Prior to the New Year, a press conference was held under the auspices of 40 organizations, including the Winnipeg Real Estate Board and the Manitoba Real Estate Association. The message presented was clear: the current system of funding education through property taxes is broken and in dire need of a major overhaul.

The WREB and MREA have long been advocates of eliminating the use of property taxes as a source of revenue for education funding. They say that education is a societal benefit like health care and should be funded in a similar way by the province through general revenues.

High-profile organizations that have joined the WREB and MREA in expressing a strong desire for change include the Winnipeg and Manitoba chambers of commerce, the Canadian Taxpayers’ Association, the Keystone Agricultural Producers, the Canadian Federation of Independent Businesses, the Manitoba Hotel Association, the Manitoba Home Builders’ Association, and the Canadian Condominium Institute. 

This broad base of support should be a signal to the provincial government that discontent is growing.

During the news conference, Lorne Weiss, a former president of the WREB and now the chair of MREA’s political action committee, presented a compelling argument for the need for change:

“The current model of funding education through property taxes no longer works. It is based on economic and social realities from the 1950s that no longer exist. Then, ownership of property was an indicator of wealth. Residential property could not be purchased without a minimum of 25-per-cent down.

“Today, many of our young people, those we want to encourage to remain in Manitoba, are buying their first homes with five per cent or less down. Property and education taxes combined amount to approximately 2.75 per cent of assessed value or, in other words, we are taxing this group close to 60 per cent of their equity annually.

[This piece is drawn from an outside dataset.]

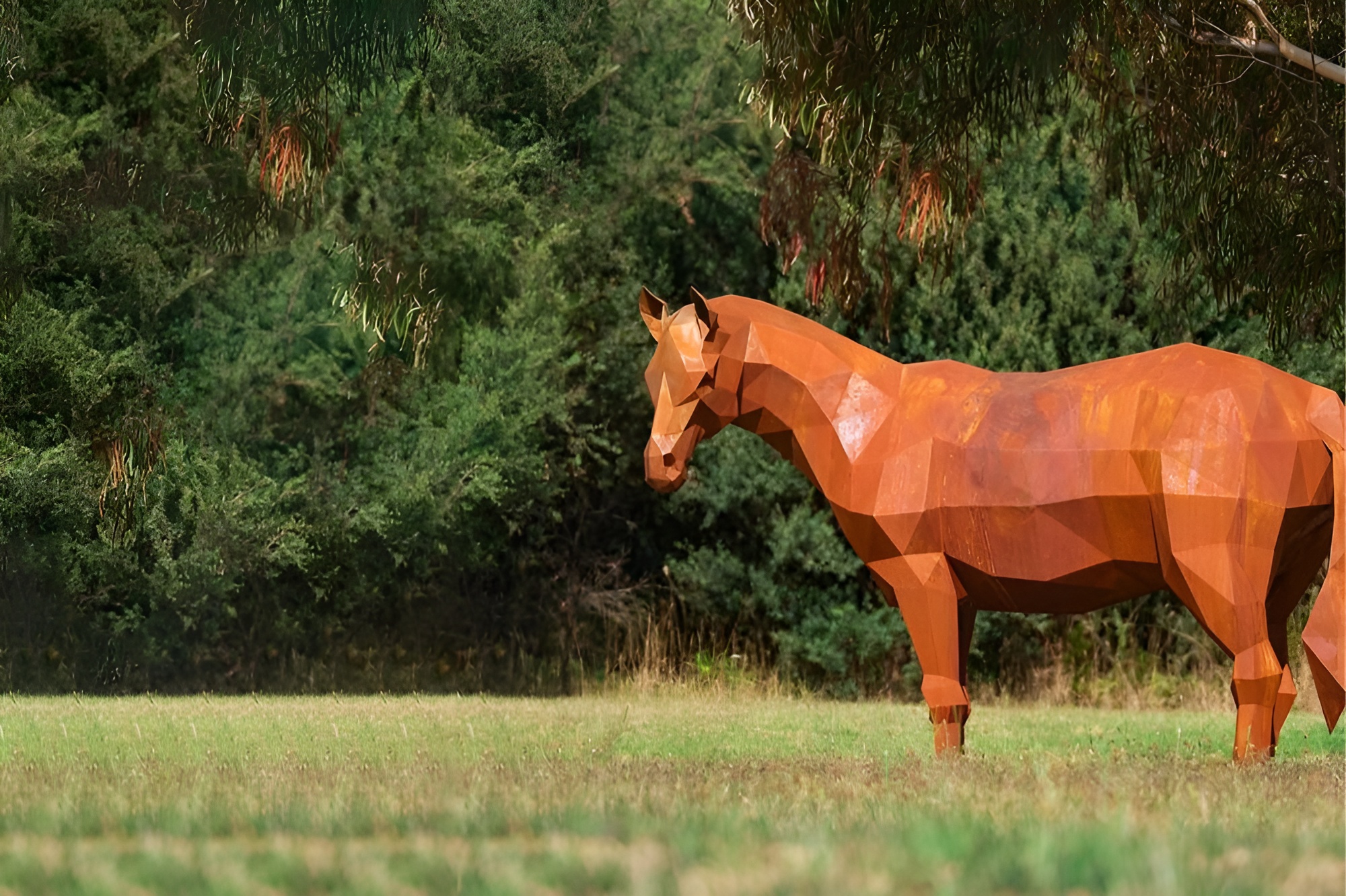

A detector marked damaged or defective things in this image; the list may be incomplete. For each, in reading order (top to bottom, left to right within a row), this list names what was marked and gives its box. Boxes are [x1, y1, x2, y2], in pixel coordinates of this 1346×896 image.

rusty orange patina [641, 289, 1346, 759]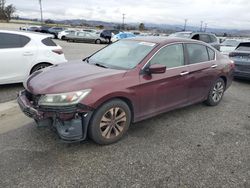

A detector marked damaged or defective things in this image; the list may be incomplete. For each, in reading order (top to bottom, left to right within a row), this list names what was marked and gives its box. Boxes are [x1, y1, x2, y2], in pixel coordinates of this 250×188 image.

cracked front bumper [17, 90, 93, 142]
damaged red sedan [18, 37, 234, 145]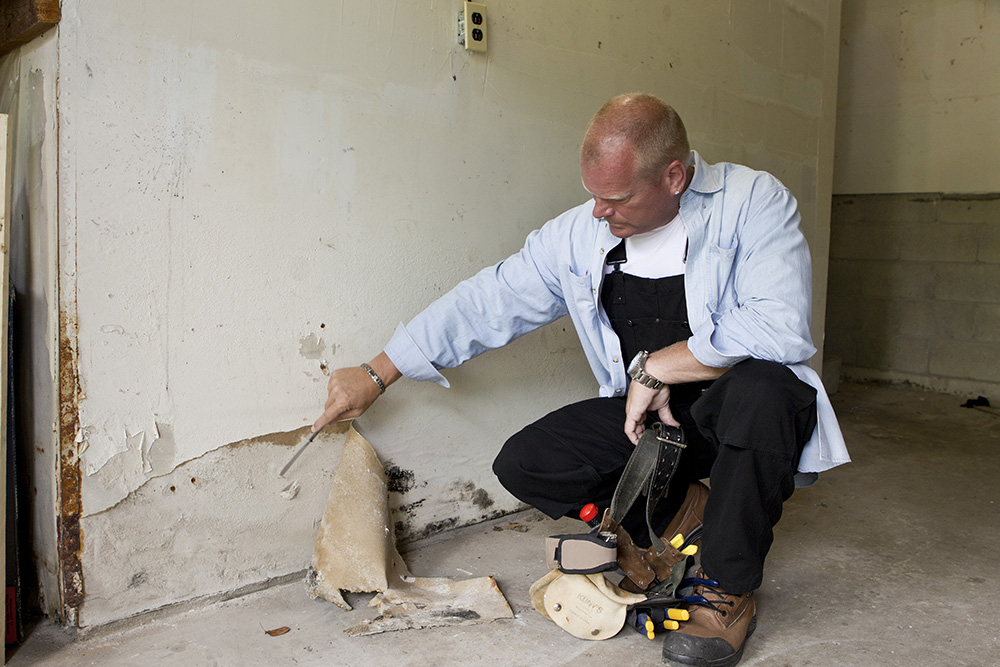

“As REALTORS, we are often invited into the homes of our senior citizens, many of whom are on fixed incomes. We are seeing more evidence of our senior population, those who helped build our society, being forced to forgo maintenance on their single greatest asset, their homes, in order to pay the high occupancy costs necessary in order to maintain that ownership.

“Although the cost of buying a home in Manitoba may be very low compared to other provinces, when we factor in these high occupancy costs and our wage scales, Manitobans have lost any economic advantage in buying and maintaining their homes.

“When we consider those Manitobans who choose to invest in Manitoba by buying commercial, investment or resort property as opposed to other forms of investment, it becomes clear that we are penalizing them by taxing their asset value without regard to debt or profit. And, to compound this injustice, we don’t even give these citizens the right to vote for the school trustees who set their taxes.

“The message that we are sending to the government today is that the current model is not workable. It does not recognize ability to pay as a basis for taxation. Ownership of property and land or rental is not an indicator of ability to pay. 

“This is not only a city of Winnipeg issue or an agricultural issue. This outdated method of funding education impacts on Manitobans throughout our province, whether they live in the rural areas or the urban areas — north or south. 

“It has serious implications on youth, seniors and low-income families as well as business investment. All Manitobans are concerned about maintaining a high quality of education and our diminishing ability to continue to adequately fund it under the present model.

“We are pleased to be a part of this broad-based coalition of almost 40 groups representing over 275,000 Manitobans who are now saying to the provincial government, ‘Show responsive leadership and listen to the people of Manitoba’.”

Opponents may argue that organized real estate has a vested interest in eliminating property taxes from education. Of course, it does. But, so do all Manitobans. As Weiss pointed out, it’s an issue that affects everyone.

And, without a complete overhaul of the system, the problem will continue to grow despite the province’s tinkering around the edges by offering tax breaks to homeowners and farmers. While the province tinkers, school boards are taking up the slack by increasing their share.  The school boards’ share has increased to over 50 per cent of the total school and municipal property taxbill in Winnipeg and accounts for an even greater percentage in some rural municipalities.